The evolution of titanium oxidation at elevated temperature and its oxide scale morphology

The purpose of this study was to experimentally quantify the multi-dimensional growth characteristics of the oxide scale formed on commercially pure titanium at 700°C in a flowing air environment. The geometries considered herein had characteristic dimensions that were appropriately sized to match the thickness of the oxide scale and were fabricated into shapes of solid and hollow cylinders and external and internal wedges. Scanning electron microscopy (SEM) image analysis was used to measure the oxide layer thickness and the Pilling-Bedworth ratio (PBR) as a function of time. An effective diffusion coefficient was determined from one-dimensional planar oxide thickness data and experimentally obtained PBR values served as the necessary input to a solid state diffusion model, which was modified to account for the volumetric expansion of the oxide.; Oxidation of the solid cylinder and external wedge geometries were shown to develop a scale morphology similar to that observed on a flat specimen.

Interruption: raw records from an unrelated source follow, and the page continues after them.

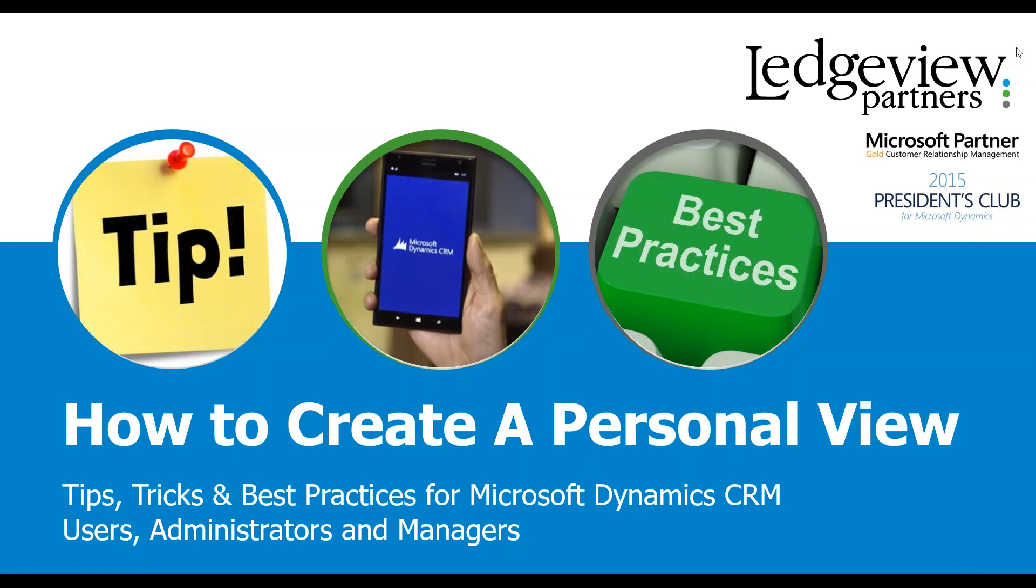Hello and welcome to today's tips, tricks, and best practices for Microsoft Dynamics CRM. My name is Michael Dodds and I am a support consultant here at Ledger View Partners. Today's topic is how to create a personal view.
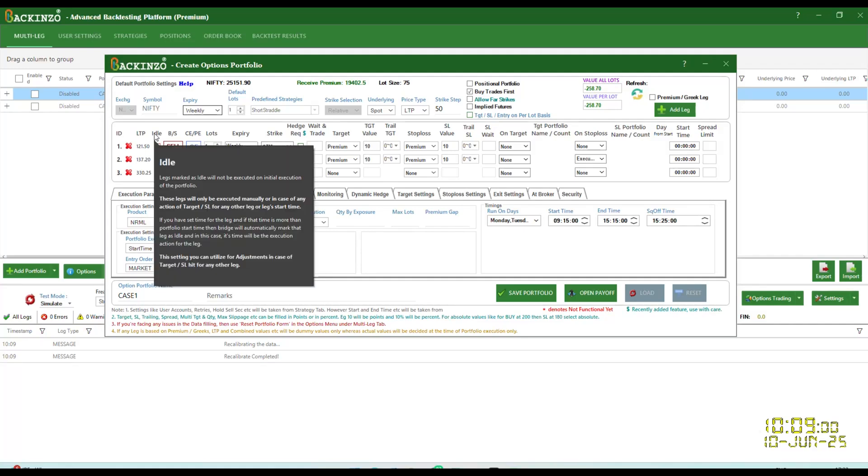Hello everyone, good afternoon. In this video, I'll be talking about Idle Leg Functionality in Backend Zone. Ever wished you could enter only some legs of multi-leg option portfolio now and some later, based on time or any market condition? That's exactly what idle leg feature in Backend Zone lets you do.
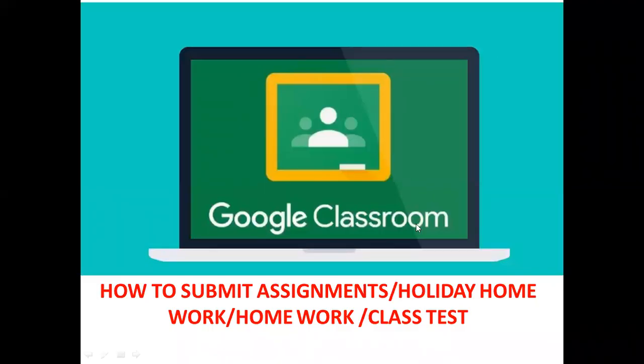Today we will learn how to submit the assignment, holiday homework, and the class test with the help of Google Classroom with the computer.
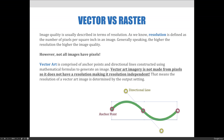For example, when a vector art image is saved as a Photoshop file, an Illustrator file, an EPS, or an SVG file, the vector art is saved as is. But if a vector art file is saved as a JPEG or a GIF file, the vector art is converted to pixels at the size and resolution determined at the time of exporting.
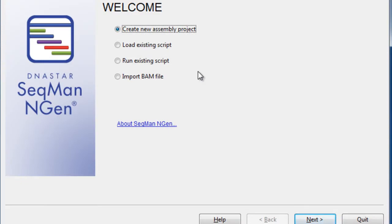In SeqMan NGen, we want to recalculate our verified novel SNPs. By running this assembly, we improve callings at our locations of interest, as well as improving our probability scores.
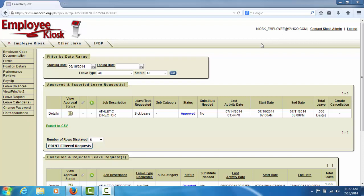You may print a report of your approved and exported leave requests by clicking the Print Filtered Request button.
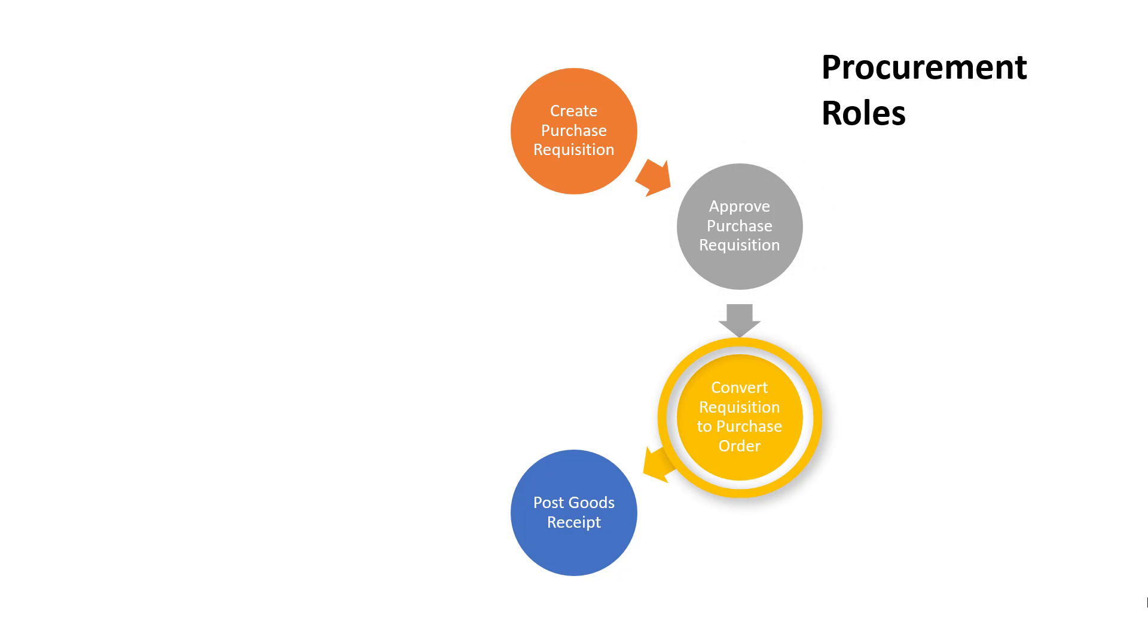Converting purchase requisitions to purchase orders is usually automated, but where this is not the case, the procurement department is usually responsible for this task.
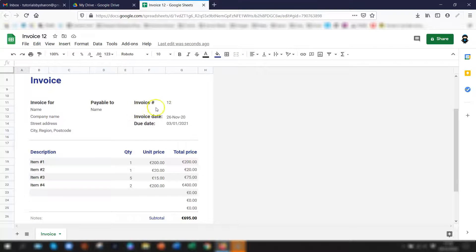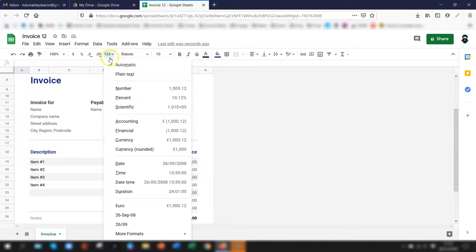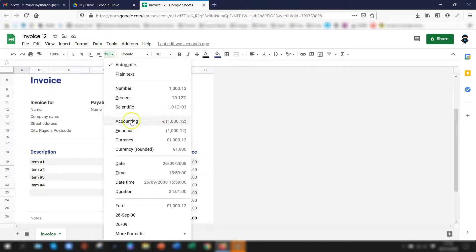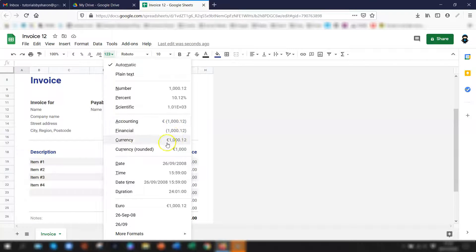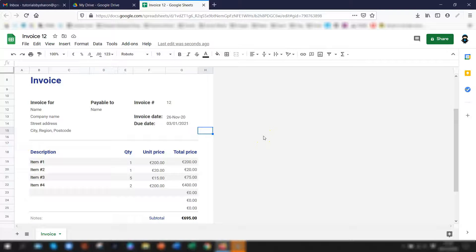Click on the one two three more number formats button and you can see here the default section here for currency is now defaulted to euros. So that's that's fine if you just want to change the currency for a particular sheet that you're currently using.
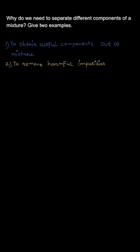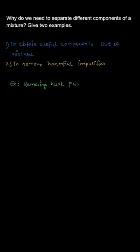Some examples in which we separate things from mixtures is first we remove husk from rice. So husk is actually a thin film on the rice, a thin coating on rice.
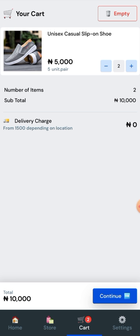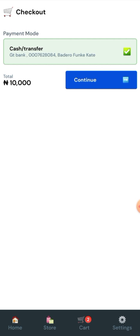The good thing about this platform is that you can integrate your Paystack payment platform into the WhatsApp e-commerce store, so that people can check out on Paystack too. When this is done you can continue, and here it shows that you can pay through cash or transfer.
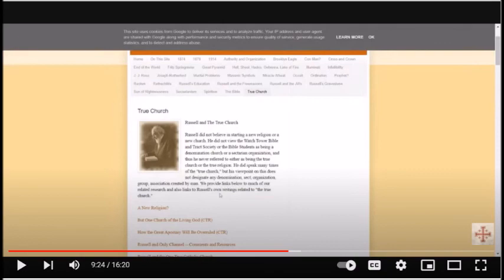See the description area below this video for links to my various resources that provide more information and documentation of what I have stated in this video. Thank you.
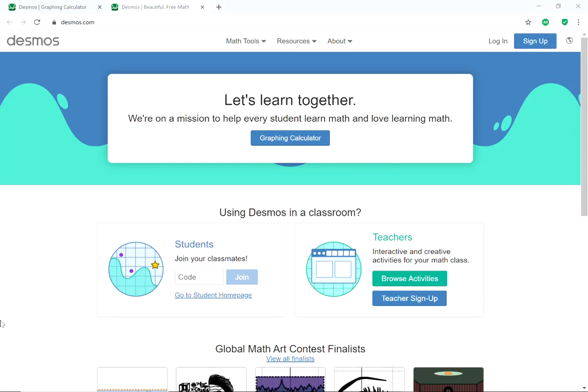In this video I would like to talk about using the Desmos online calculator to graph a function and graph the derivative of that function, also restrict the domain, and then use the graph to determine relative extrema — relative maximums and relative minimums. We're going to start here at the homepage desmos.com.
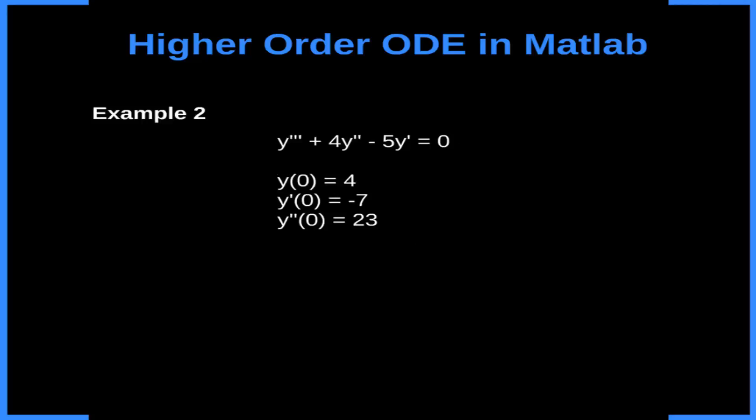The first step, if we use the first method, is to define: y caps 1 is equal to y, y caps 2 is equal to y prime, and y caps 3 is equal to y prime prime.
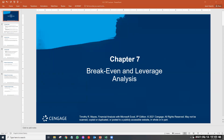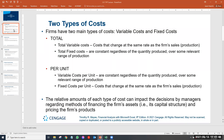Welcome back. In this video, we are going to talk about break-even and leverage analysis. Let's start by reviewing the two main types of costs in a company: variable costs and fixed costs.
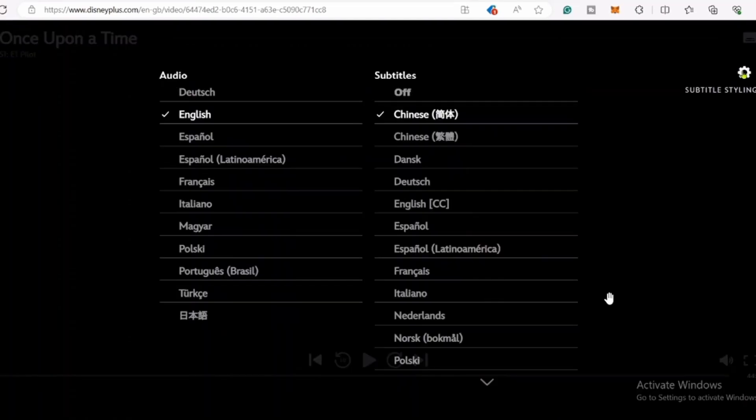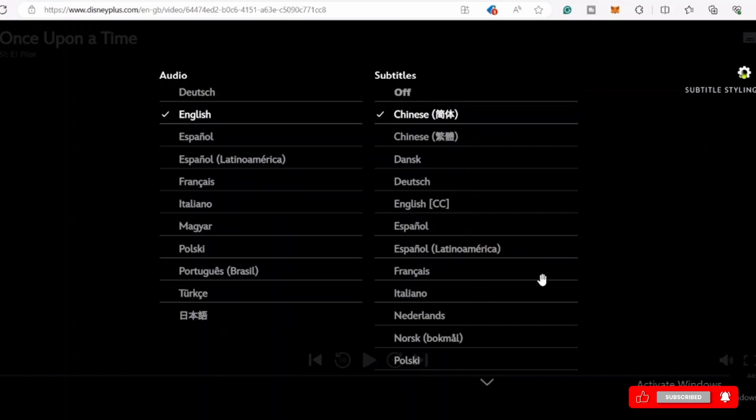Now with this, the subtitles menu will turn on. Here, you can choose the audio and also the subtitle language. Now, in order to make the subtitles bigger, click on this subtitle styling gear icon.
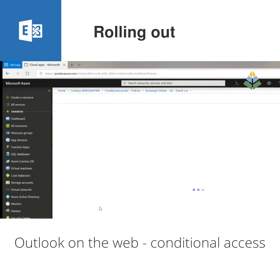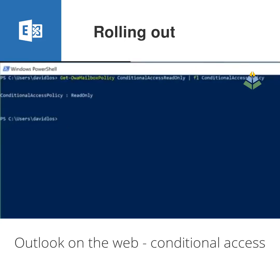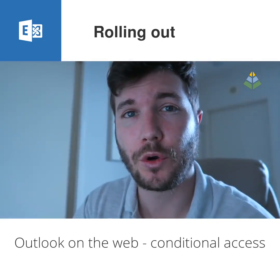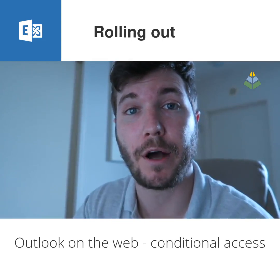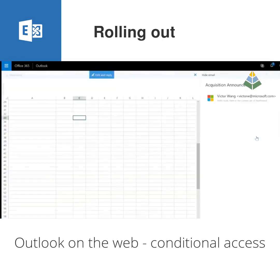As an example, an admin can set up a conditional access policy for non-compliant devices which requires app-enforced restrictions. The admin can then switch over to Exchange Online via PowerShell and set the default using the Set-OwaMailboxPolicy conditional access policy parameter to read only. This will ensure that users on non-compliant devices can't download email attachments through Outlook on the web to their local device.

The oxide had two notable features: (1) at the air-oxide interface, the oxide appeared to be compact and its thickness grew with time and (2) from the metal-oxide interface up to the compact scale, the oxide was found to have a porous-layered arrangement with the pore size being a function of distance from the metal-oxide interface. Conversely, the oxide scale growth on the hollow cylinders and external wedges, while still layered, appeared to be much less porous and had considerably less cracking and spalling damage.; The modified solid-state diffusion model and experimentally obtained values of the diffusion coefficient and PBR were used to demonstrate the competing influences of oxide expansion and curvature effects. In addition, the predictive capability of the model, for the case of a solid cylinder, was shown to under predict experimental results, whereas scale growth on the inner surface of a hollow cylinder was over predicted. The differences are primarily attributed to an effective diffusion coefficient that vanes with scale morphology, that is, with the level of porosity.